Here is what it does.

The select command extracts the variables I want from the main dataset.

“id = serialno” means I have extracted the variable “serialno” and renamed it “id” in the extracted dataset.

The mutate command, combined with the na_if command, turns the variable responses “dont know” and “not answered” into the R-recognised “NA” response.

The mutate command, combined with the recode command, effectively standardises the responses to the “nosay” variable across different surveys.

The filter command removes superfluous responses no longer in use, because those values are now “NA”

After this however, our factor variable of interest still contains the “dont know” and “not answered” categories. We remove these using the factor command as below. We then finish off with a summary to make sure everything worked as intended.

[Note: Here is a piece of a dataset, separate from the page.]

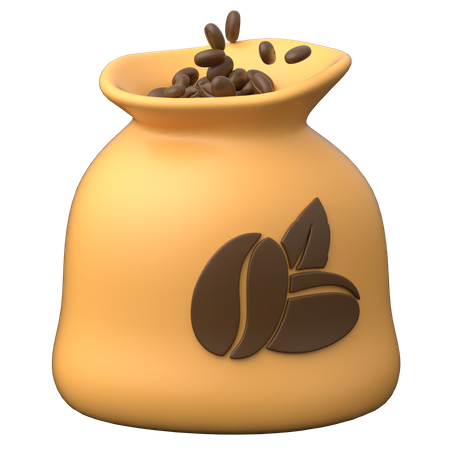 Saco de café  3D Icon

bes1987ns$nosay <- factor(bes1987ns$nosay, 
                           levels = c("Strongly agree",
                                      "Agree", 
                                      "Neither agree nor disagree", 
                                      "Disagree", 
                                      "Strongly disagree"), 
                           labels = c("Strongly agree",
                                      "Agree", 
                                      "Neither agree nor disagree", 
                                      "Disagree", 
                                      "Strongly disagree"))

summary(bes1987ns$nosay)

6) The Merge

Armed now with datasets that contain only the variables we want, we can set about combining these datasets into one.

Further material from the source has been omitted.